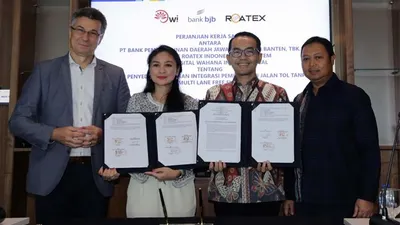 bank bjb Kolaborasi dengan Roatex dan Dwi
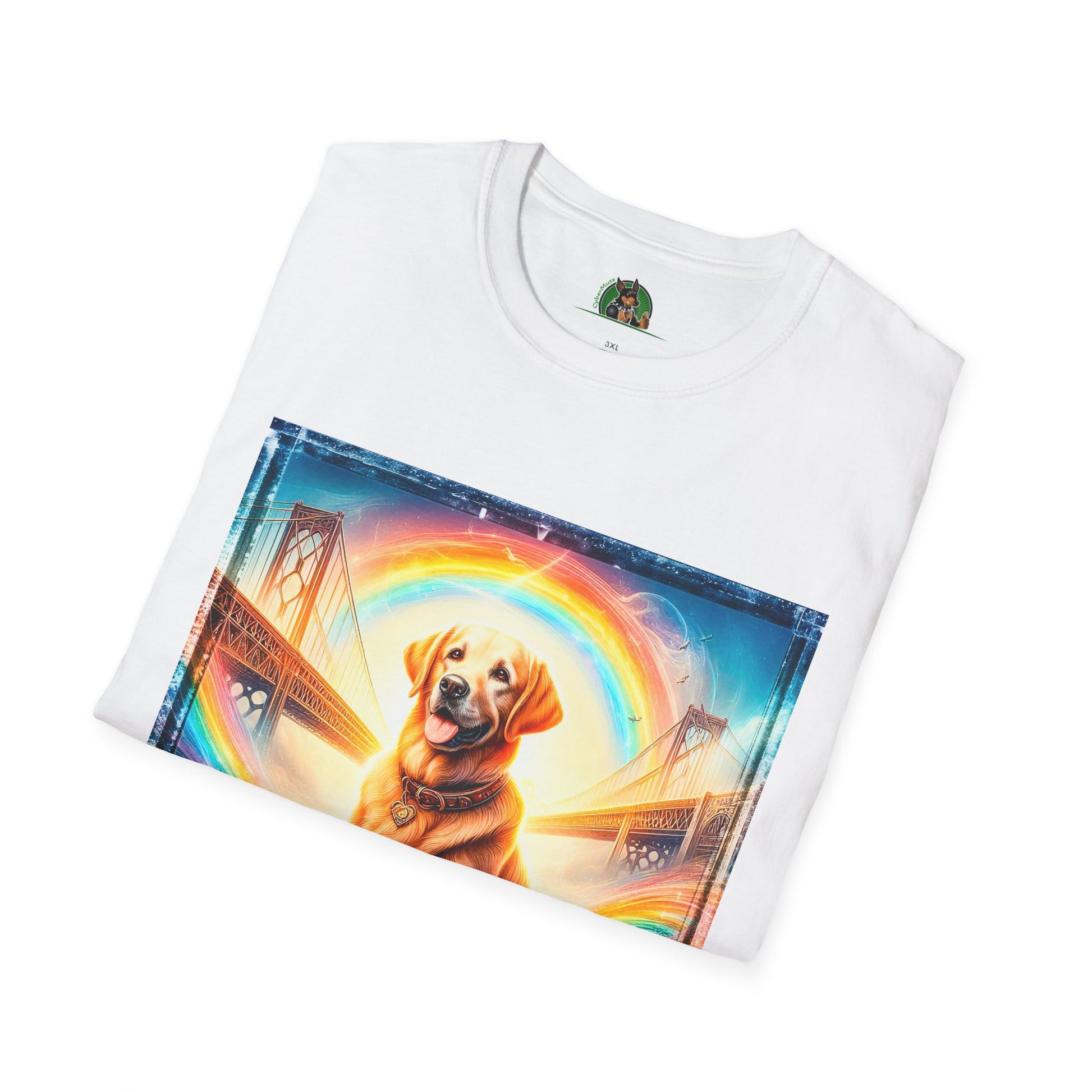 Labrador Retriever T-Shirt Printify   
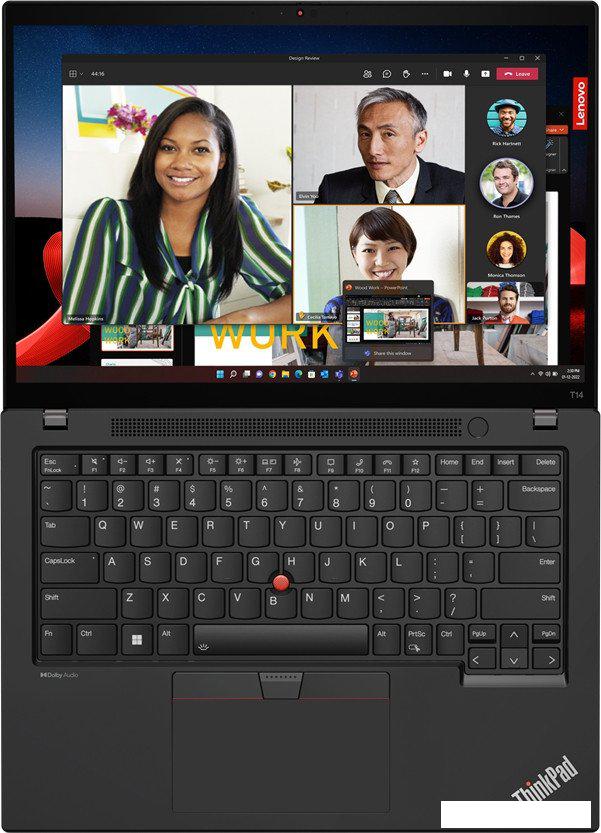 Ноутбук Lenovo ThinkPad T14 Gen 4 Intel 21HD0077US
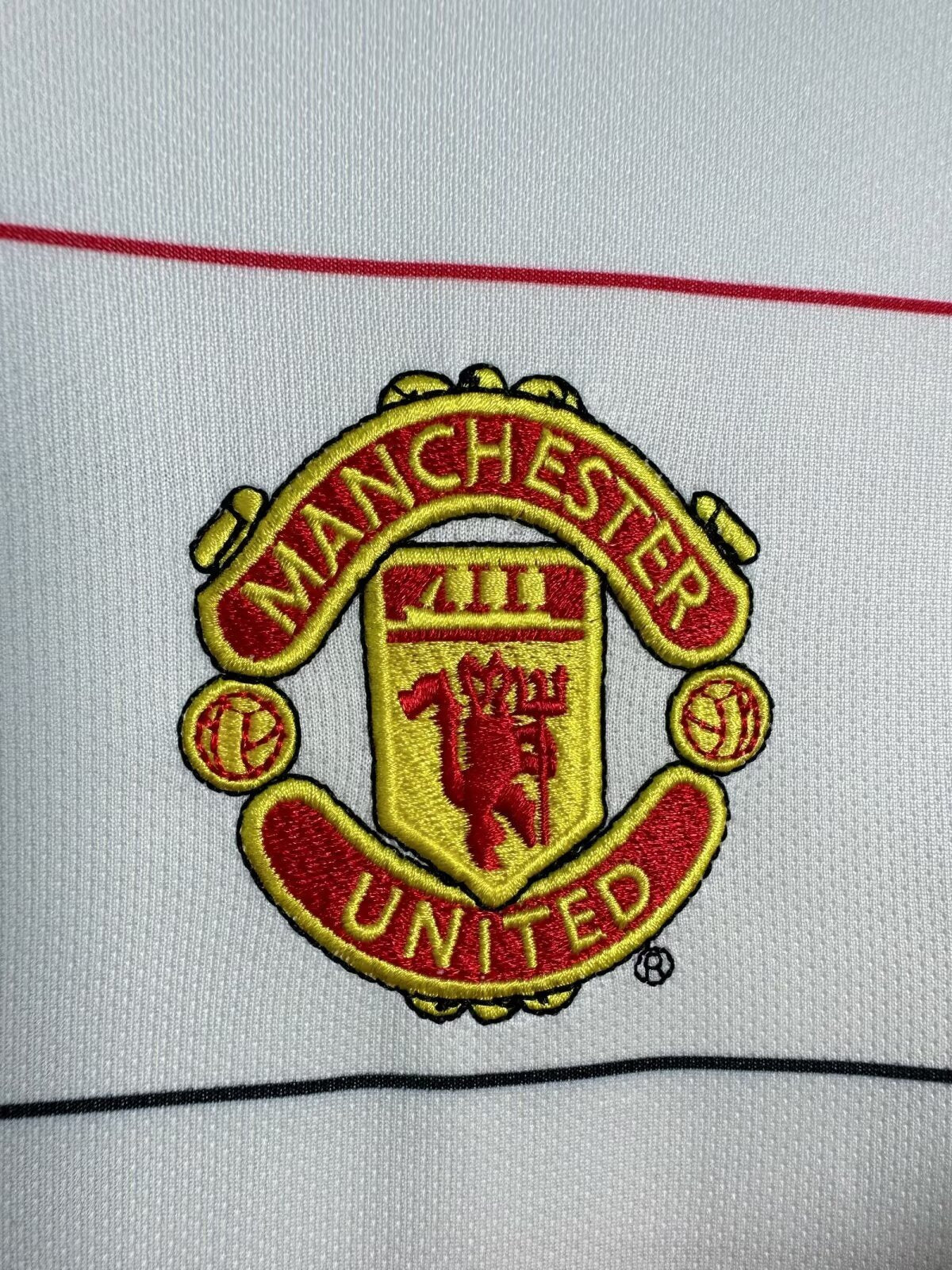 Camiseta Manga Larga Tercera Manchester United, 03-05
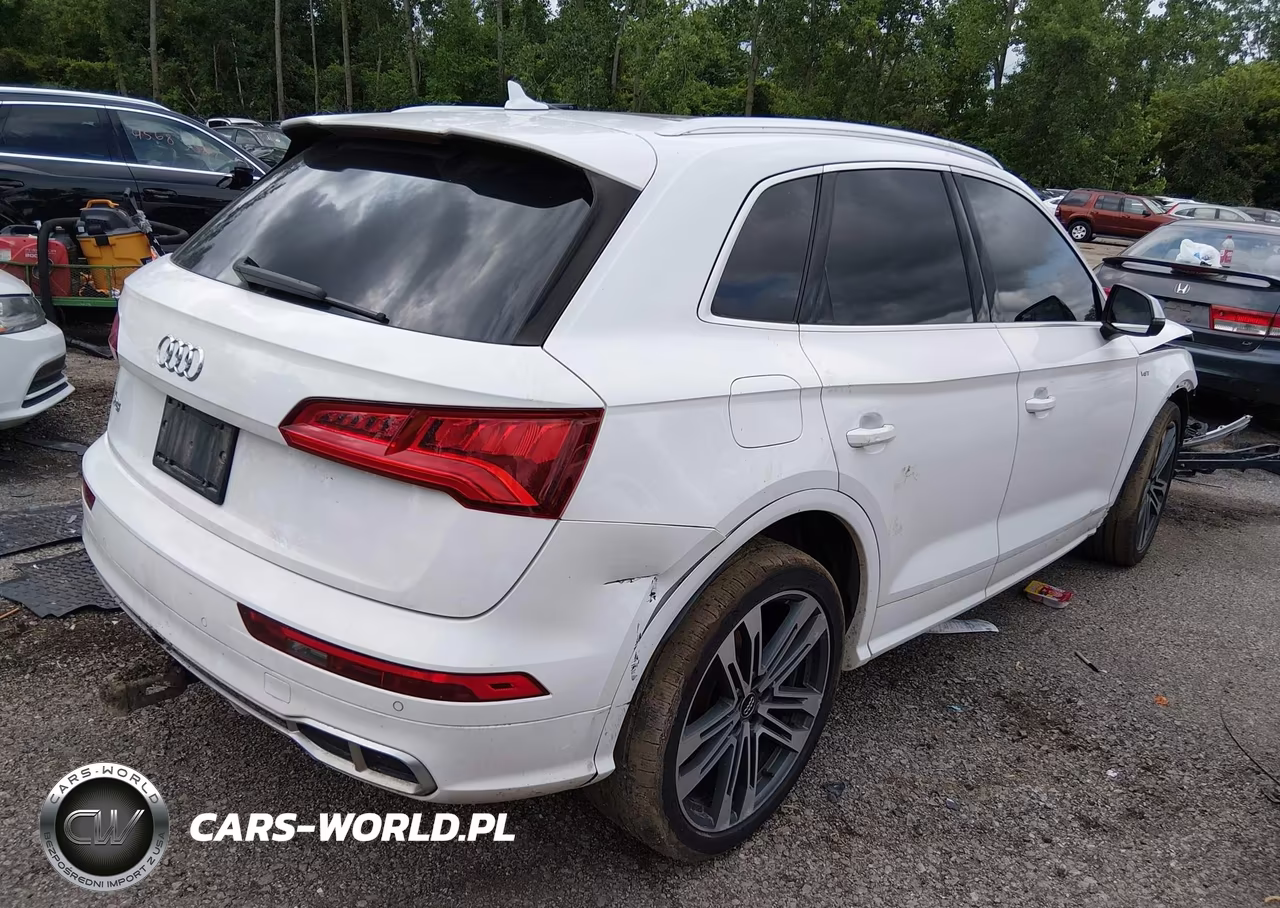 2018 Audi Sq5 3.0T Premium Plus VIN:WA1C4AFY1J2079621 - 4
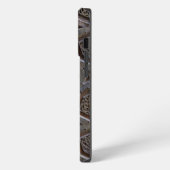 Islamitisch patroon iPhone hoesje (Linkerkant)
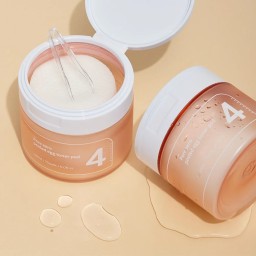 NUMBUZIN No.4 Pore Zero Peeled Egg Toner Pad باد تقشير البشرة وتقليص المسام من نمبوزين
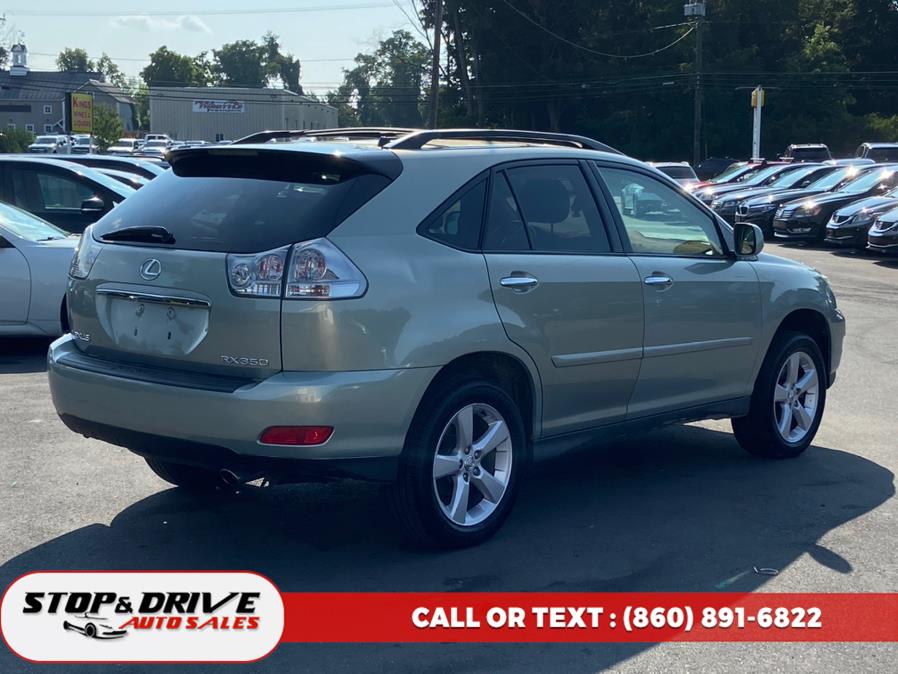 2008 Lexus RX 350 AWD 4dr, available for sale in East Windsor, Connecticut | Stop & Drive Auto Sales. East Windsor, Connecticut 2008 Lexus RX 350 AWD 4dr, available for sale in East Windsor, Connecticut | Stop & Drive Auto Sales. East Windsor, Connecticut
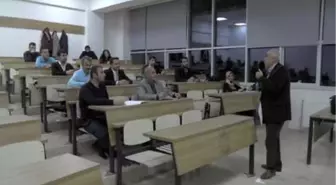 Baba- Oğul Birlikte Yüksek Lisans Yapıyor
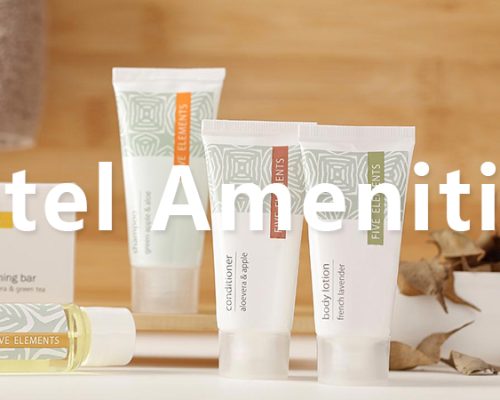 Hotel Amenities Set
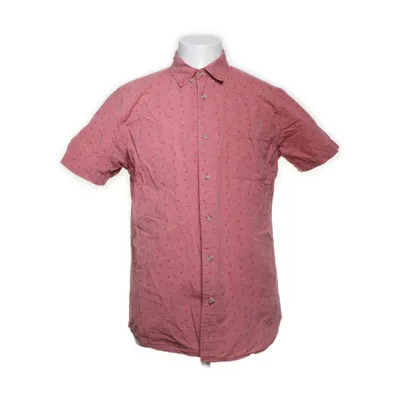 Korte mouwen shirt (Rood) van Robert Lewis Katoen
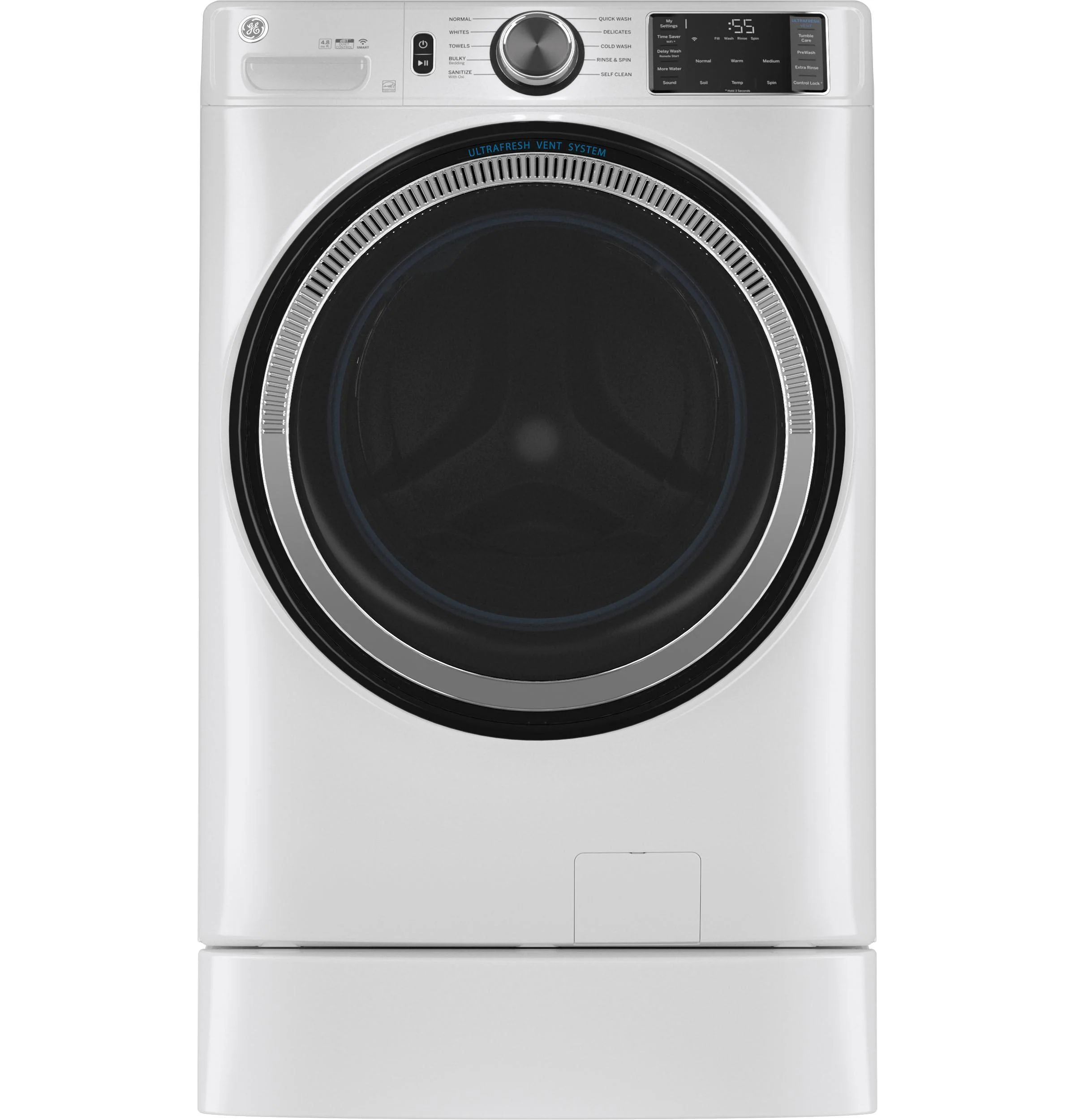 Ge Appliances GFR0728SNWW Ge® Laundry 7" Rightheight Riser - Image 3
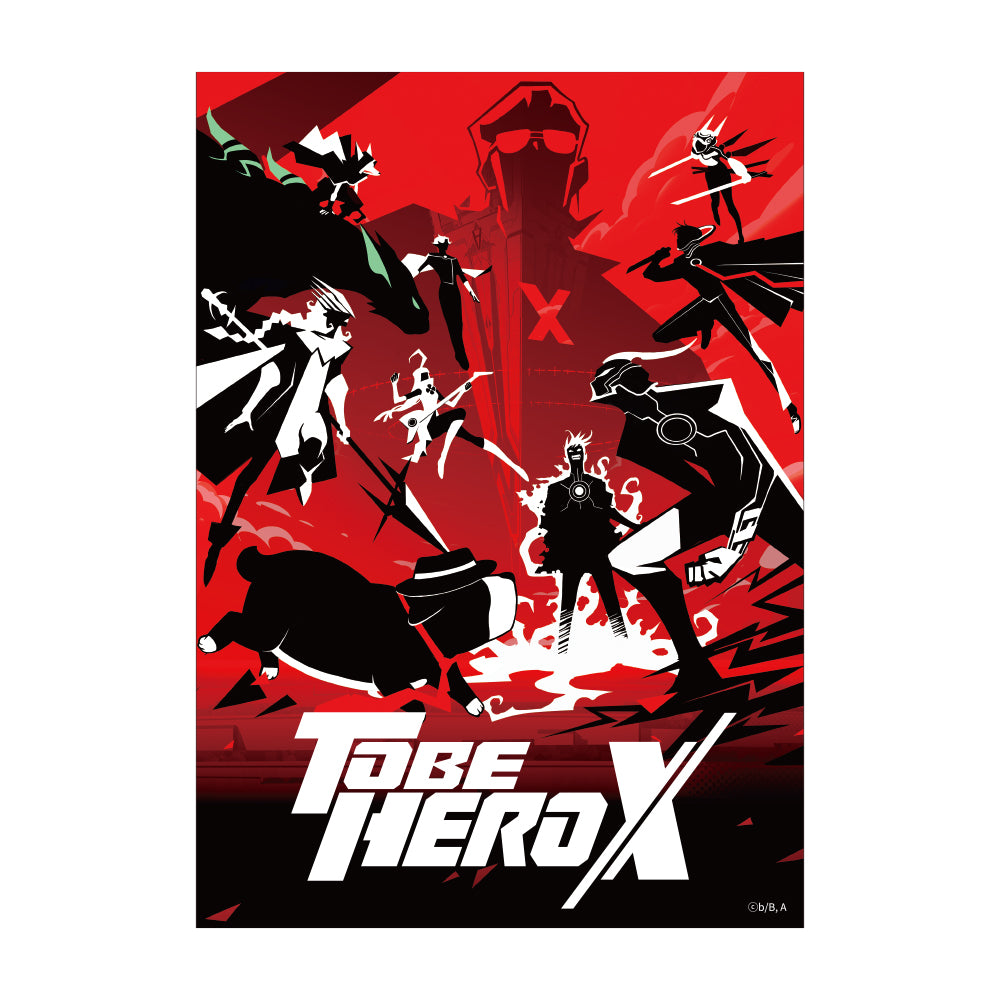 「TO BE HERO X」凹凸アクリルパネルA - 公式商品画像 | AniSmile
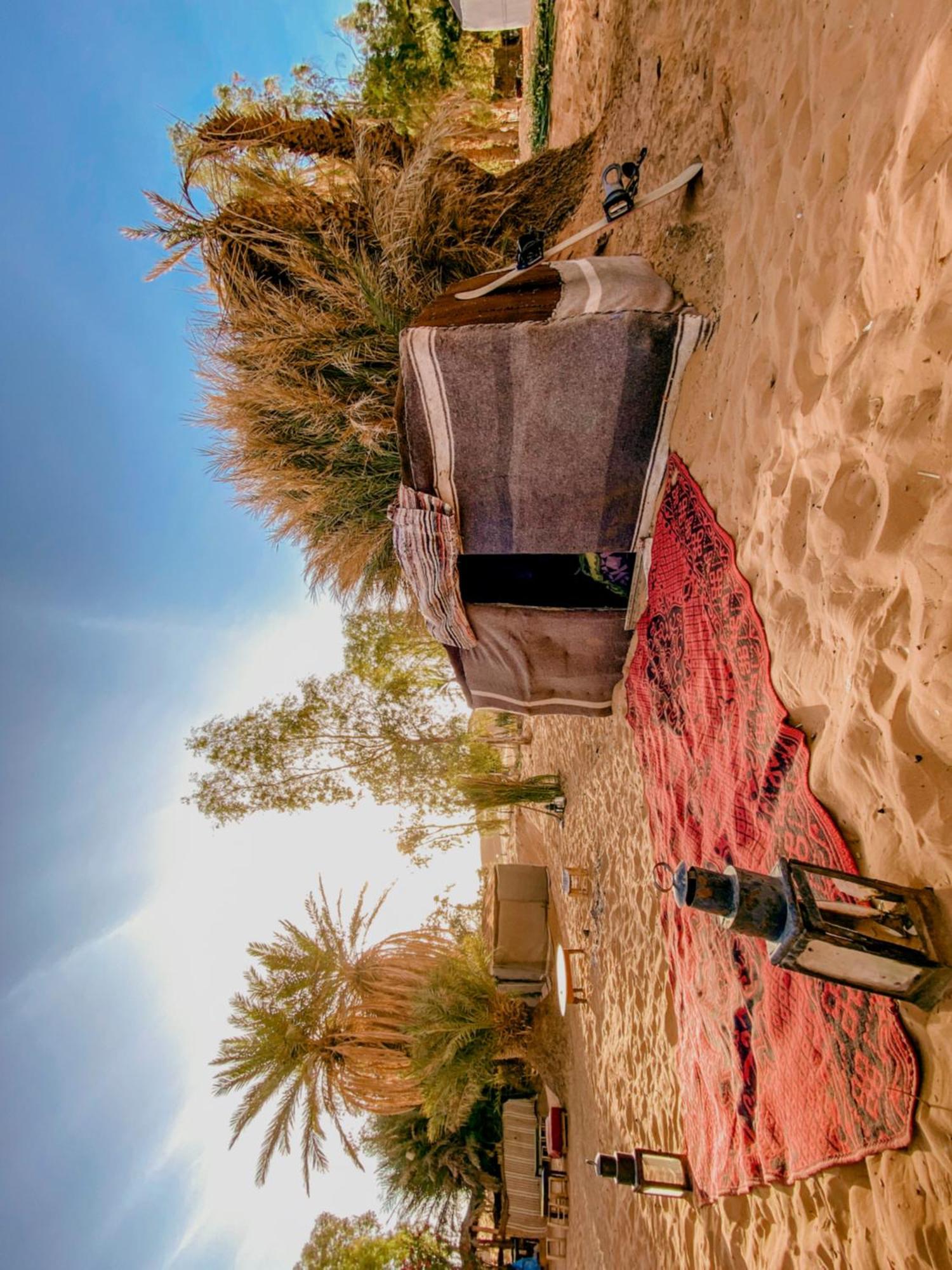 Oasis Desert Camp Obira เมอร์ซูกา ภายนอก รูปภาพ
------
→ **Task description**
Pictures excluded, copy exactly the lines running from the one with "2018 Audi Sq5" through the last line of the material.

→ **Answer space**
 2018 Audi Sq5 3.0T Premium Plus VIN:WA1C4AFY1J2079621 - 4
 Islamitisch patroon iPhone hoesje (Linkerkant)
 NUMBUZIN No.4 Pore Zero Peeled Egg Toner Pad باد تقشير البشرة وتقليص المسام من نمبوزين
 2008 Lexus RX 350 AWD 4dr, available for sale in East Windsor, Connecticut | Stop & Drive Auto Sales. East Windsor, Connecticut 2008 Lexus RX 350 AWD 4dr, available for sale in East Windsor, Connecticut | Stop & Drive Auto Sales. East Windsor, Connecticut
 Baba- Oğul Birlikte Yüksek Lisans Yapıyor
 Hotel Amenities Set
 Korte mouwen shirt (Rood) van Robert Lewis Katoen
 Ge Appliances GFR0728SNWW Ge® Laundry 7" Rightheight Riser - Image 3
 「TO BE HERO X」凹凸アクリルパネルA - 公式商品画像 | AniSmile
 Oasis Desert Camp Obira เมอร์ซูกา ภายนอก รูปภาพ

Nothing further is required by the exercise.